なりすましは直行直帰や出張先など、管理者が同席できない状況で発生しやすいため、アルコールチェック時は対面での本人確認が重要です。
対面での確認が難しい場合は、顔認証やワンタイムパスワードによる検知器認証が搭載されたアルコールチェッカーを活用し、本人以外が息を吹き込むことができないような仕組みを作ることが効果的です。
1-2 息の代わりにポンプを使用
アルコールチェックの不正行為のひとつに、ポンプやチューブを使って、息の代わりに空気を送り込む手口があります。

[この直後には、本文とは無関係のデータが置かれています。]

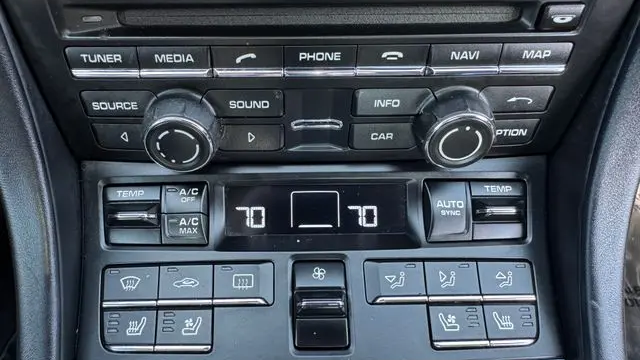 2014 Porsche 911 Turbo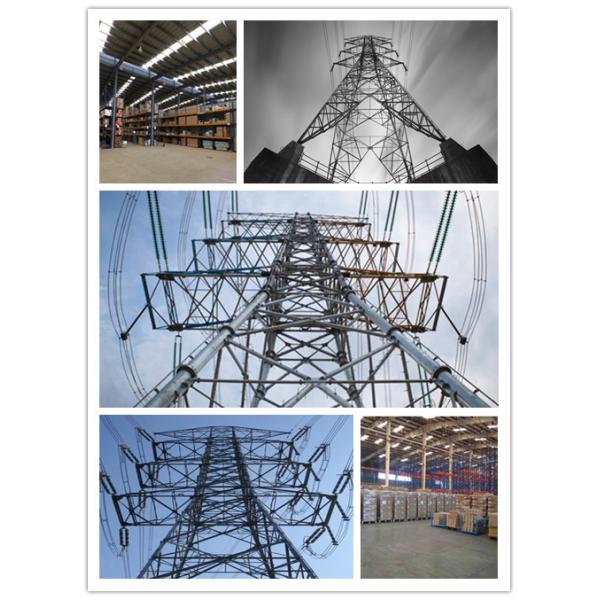 Structural Hot Dip Galvanized Angle Steel 20*20*3mm OEM Accepted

ストロー部分に小さな穴を開けてチューブを通し、見た目は自分で息を吹き込んでいるように装いながら、実際はポンプから空気を送る手法です。
また、チューブを通して別の人が横から息を吹き込むケースも報告されています。
アルコールチェッカーへの細工は極めて悪質な不正であり、発覚した場合には厳しい行政処分が科される可能性があります。
防止策としては、アルコールチェッカーのストローの接続部が写真に収まる検知器を使用することが望ましいです。
1-3 食べ物で言い訳をする
以下のような食品を摂取した直後は、アルコール反応が出る可能性があります。
【アルコール反応が出る可能性がある食品】
- 発酵食品(キムチ、味噌など)
- 蒸しパン
- コーヒー
- ガム、アメ
- 栄養ドリンク、エナジードリンク
- ノンアルコールビール
- など
上記以外にも、タバコやマウスウォッシュに反応するケースがあり、メーカーも「アルコール反応が出る可能性がある食品」として検知直前に摂取しないよう、注意を呼びかけています。
食品などに反応する特性を知っている人の中には、食べ物で言い訳をするケースがあるため、安易に見逃すことは危険です。
そもそも、食品による反応が出た場合でも、安全が確認できるまでは運転してはいけません。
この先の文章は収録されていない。